The first few batters Torres faced hit bullets that somehow found gloves in the outfield. Then he gave up a pair of hits and an intentional walk. Yet somehow the rookie survived. And every time Maddon thought about pulling him, Torres picked it up a notch.
"I only knew him as Torres," designated hitter Johnny Damon said. "I'm glad I know his first name now."
Five innings later, he had not surrendered a run, and the Rays were clinging to a 3-2 lead. A few innings after that, it was a 6-2 final and Rays pitchers were shoving Torres in the shower, where they doused him with cans of Bud Light. Enough to empty the clubhouse supply.
"It was freezing," James Shields said. "First big-league victory, and he deserved it.

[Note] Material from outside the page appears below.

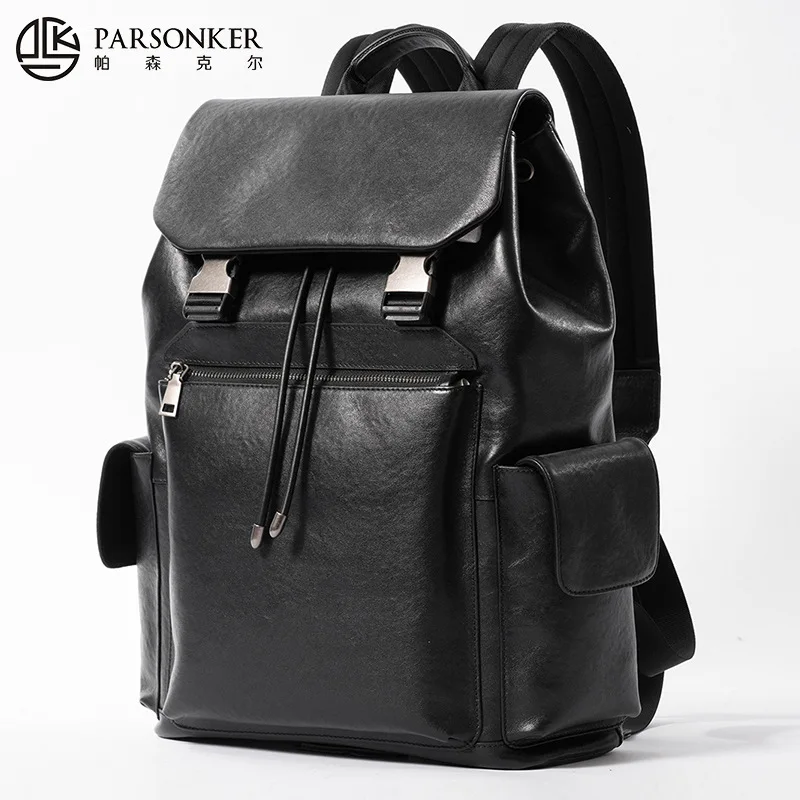 Simple and genuine leather men's simple and high-end travel backpack, large-capacity multi-functional 16-inch computer bag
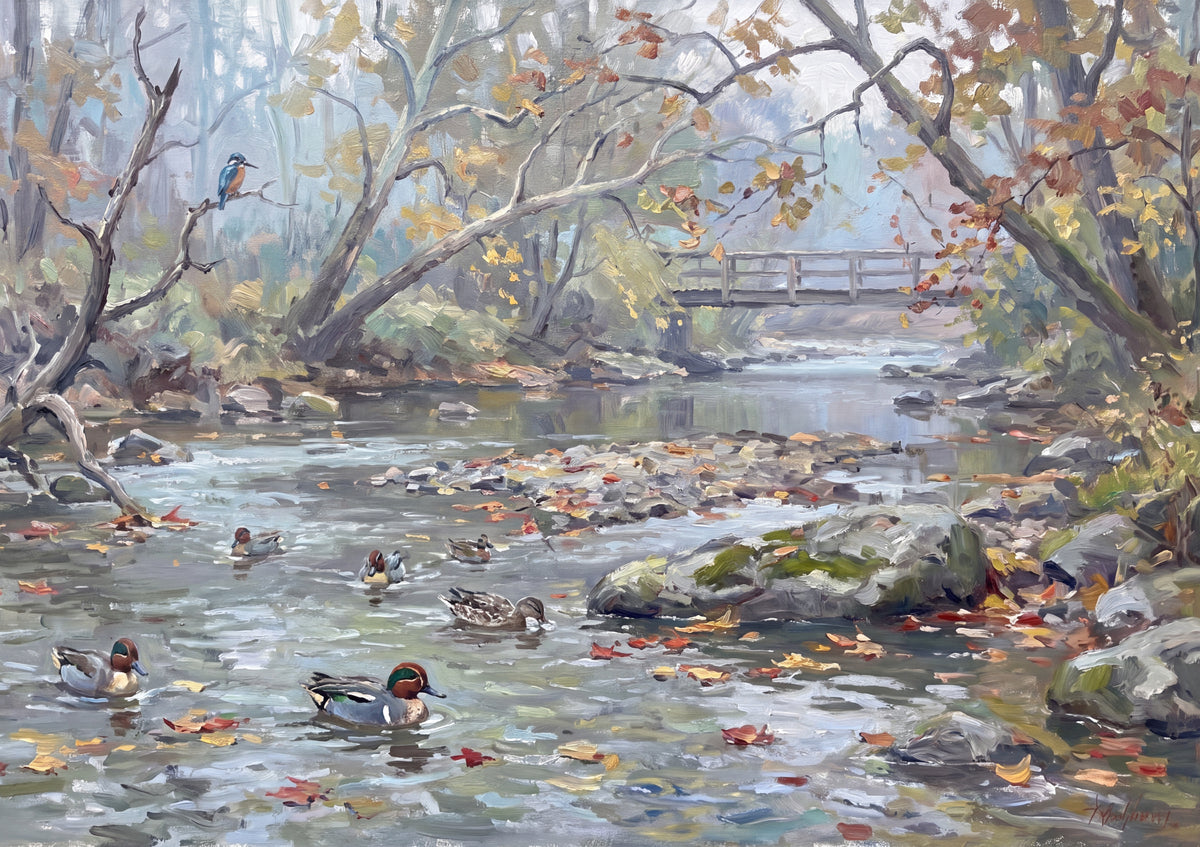 Teal Ducks on the Autumn Creek jigsaw puzzle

He pitched great."
At this point, the Rays are going on fumes. They have used rookie pitchers in 12 consecutive games, including three pitchers who began the month in the minors. Of their 102 innings pitched since Sept. 13, rookies have accounted for half the load.
The Rays have gone 2-4 this past week and have somehow gained ground on the hapless Red Sox. It's like being run down from behind by the neighborhood fat kid.
The biggest games of the season and the Rays are surviving with Matt Moore and Torres getting their first big-league victories.
Moore, at least, came with a certain amount of expectation. Torres is more of a wild card. His talent is undeniable, but he has spent six seasons in the minors because he has struggled throwing strikes.
He has routinely averaged nine, 10 strikeouts per nine innings but has averaged four and five walks throughout much of his minor-league career.
In recent days, Hickey and assistant pitching coach Stan Boroski have worked with Torres on getting his delivery to go more north-south instead of side to side. The idea is he can better control his pitches if he's moving in one fluid direction.
The results appear evident. Torres had given up 13 walks in his last 17 minor-league innings in Durham, but the only walk he surrendered in five innings Saturday was the intentional pass to Edwin Encarnacion.
"Absolutely, positively it says something about his heart," Hickey said. "You saw him drop first-pitch changeups to left-hander hitters and 3-2 changeups."
All for a kid who was supposedly part of Tampa Bay's white-flag surrender in 2009.
You remember Scott Kazmir, right? In the midst of another pennant race, the Rays unloaded Kazmir's bloated contract on the Angels for Sean Rodriguez and a couple of minor-league prospects.
Well, the Angels are paying Kazmir $12 million to stay away from Anaheim this season, and 3,000 miles away, one of those prospects was helping the Rays stay ahead of the Angels in the wild-card race.
"That kind of game borders on the magical," Maddon said. "The next couple of days could truly make it magical.
"But for right now, it gets us 11/2 games behind, which is huge."